On the way to work this morning – I noticed the waning crescent moon. It wasn’t just the crescent – you could also see the shape of the full moon. It was a beautiful picture. The thing I first noticed was how bright the crescent was – but it was so cool to see the crescent as part of the whole.
It occurred to me that this is a perfect illustration for me on several levels. First of all, the weight loss is truly just part of the whole picture for me. I have said before that I love the attention I have been getting – I’m glad that people think I look good. But that is not why I started this journey. For me, that is just a small part of the picture. Granted, it is the part that is most visible – and very obviously the part that most people comment on. But the biggest reason for this journey is to improve my health – and that is happening.
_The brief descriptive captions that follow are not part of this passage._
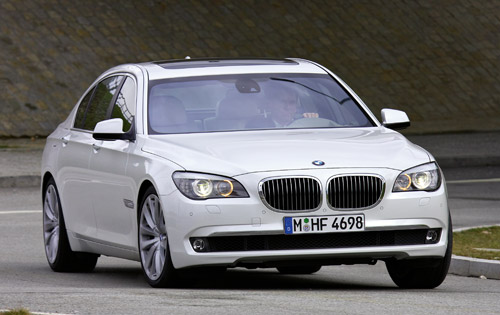 2010-bmw-760-1.jpg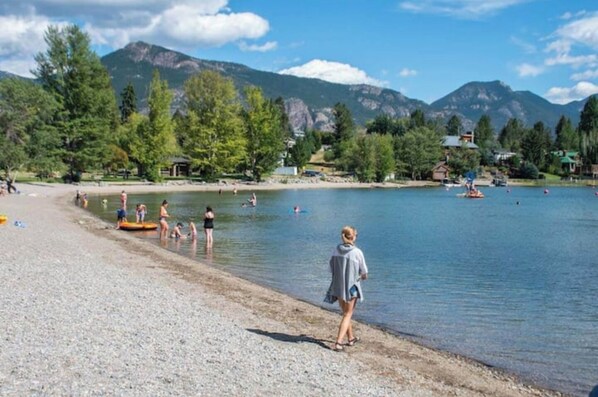 Beach towels - (Bed & Breakfast) ~ Private Mountain Dream Retreat (East Kootenay)
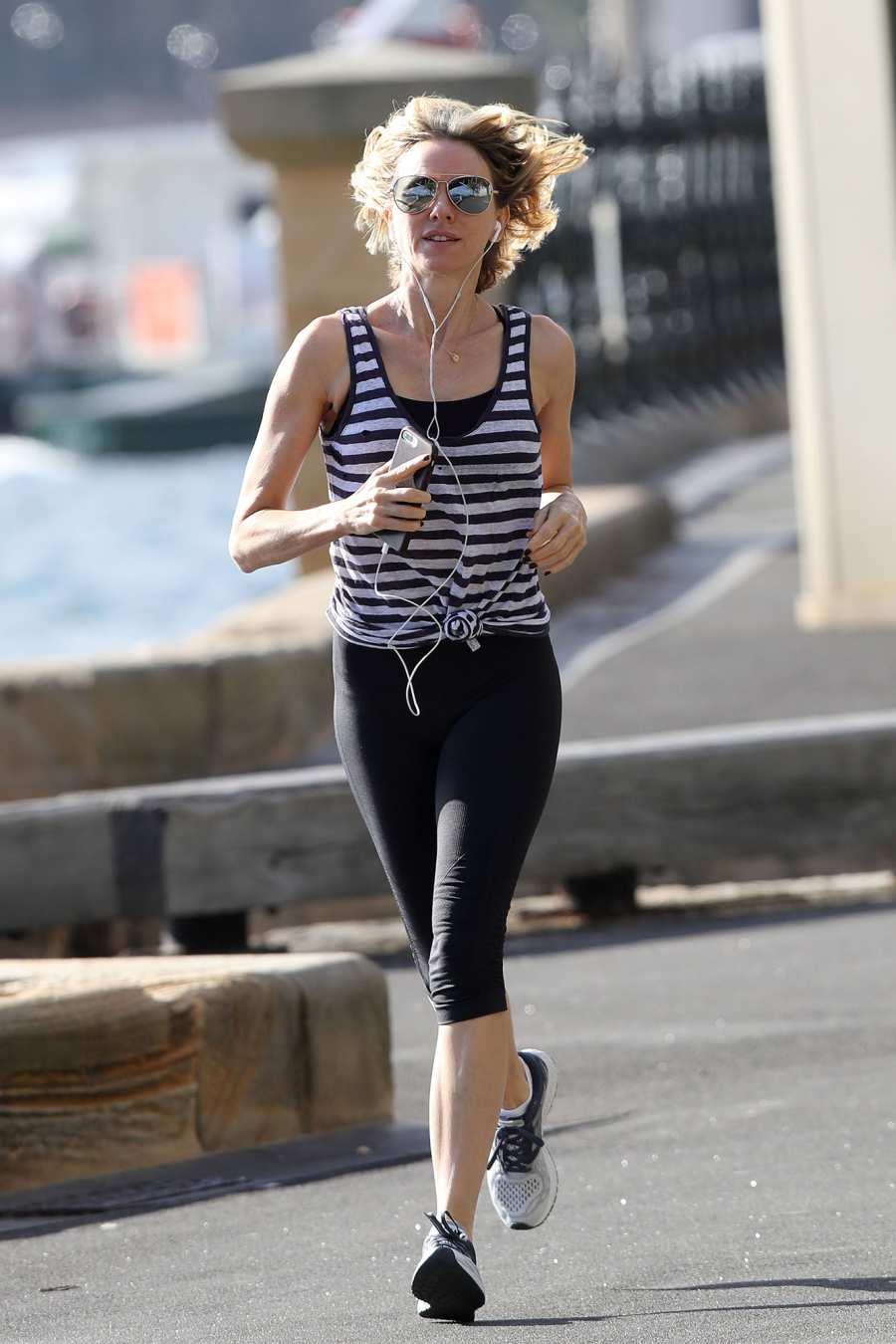 Naomi Watts jogging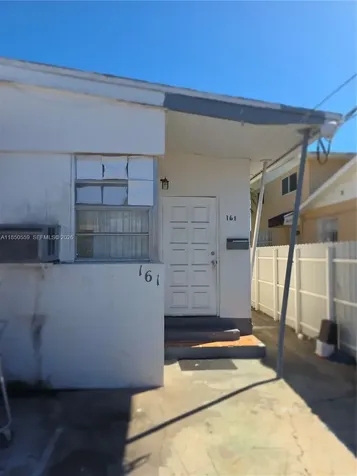 163 NW 18th Court Miami FL 33125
Second, the moon this morning made me think of the difficulties in seeing my body as it is RIGHT NOW. When I look in the mirror, I still see the old picture. Despite all of the changes, I’m still the fat girl. Someone suggested that I blow up a picture of the old me to life size, then cut around that picture, and cut two inches to the inside, creating a two inch border (remember, this is life size.) Then I should tape this to a full length mirror, and stand in front of it, and see where I am NOW. OK – that’s pretty complicated, but I do see the point. The only thing I have to compare to is the picture in my head, and that picture is no longer accurate. It does give me something to think about, though.
Finally, even though the moon is constantly changing its phase and its position, it has been with us since very nearly the beginning of time.
“God made two great lights—the greater light to govern the day and the lesser light to govern the night. He also made the stars. God set them in the expanse of the sky to give light on the earth, to govern the day and the night, and to separate light from darkness. And God saw that it was good. And there was evening, and there was morning—the fourth day.” (Genesis 1:16-19, NIV)
This struggle with my weight has been part of my life ever since I can remember, and that isn’t going to change. I AM making better choices now, and my PLAN is to continue that into the future. But I will still have to make the choices. I will still have to decide what I will and will not eat. I will still have to read labels, and know what my nutrition needs are.
As a child, my Mom taught me this little poem: “I see the Moon, the Moon sees me. God bless the Moon, and God bless me.” God has blessed me abundantly and richly. Through this journey, one of my greatest blessings is the friends and family who have been such a support! A GREAT BIG THANKS to all of you!!!
(As a side note – I weighed this morning exactly what my husband does. I’ll take it!)